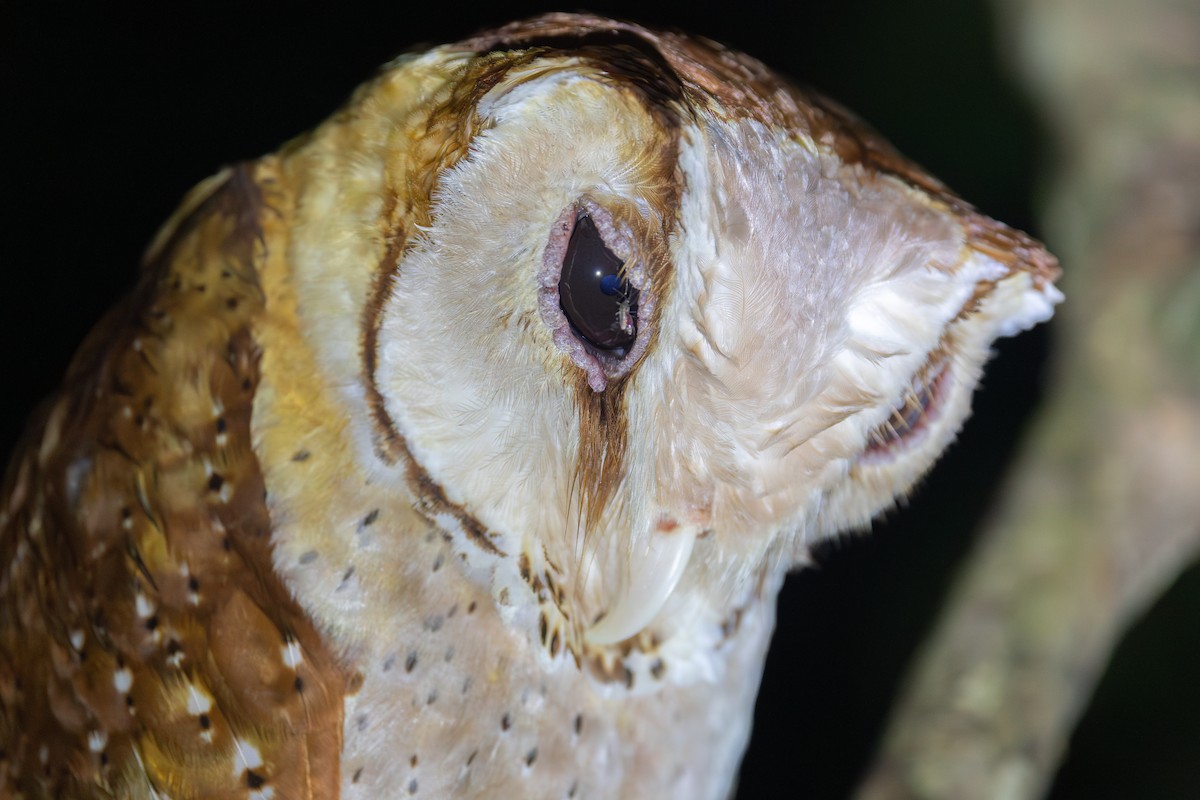 Oriental Bay-Owl - ML642798298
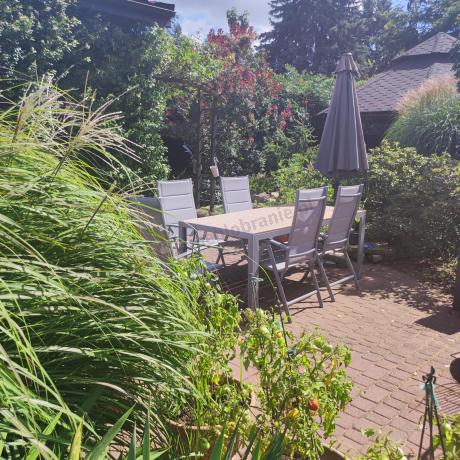 Szare meble ogrodowe - komplet stół i 8 regulowanych krzeseł - Kanbery Wood Silver 8+1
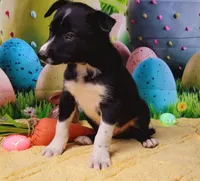 Toothless, a male Border Collie for sale in Avilla, IN – Photo 3 of 8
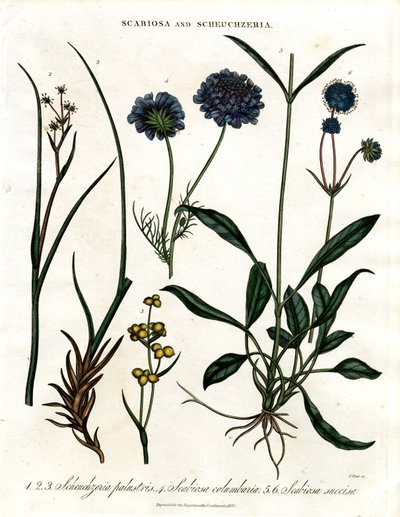 Scabiosa en Scheuchzeria door John Pass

------------------------------------------------------------------------

→ TASK BRIEF
From the line that contains "Szare meble ogrodowe" to the final line of the material, write out each line exactly. Pictures stay out.

→ COMPLETED TASK
 Szare meble ogrodowe - komplet stół i 8 regulowanych krzeseł - Kanbery Wood Silver 8+1
 Toothless, a male Border Collie for sale in Avilla, IN – Photo 3 of 8
 Scabiosa en Scheuchzeria door John Pass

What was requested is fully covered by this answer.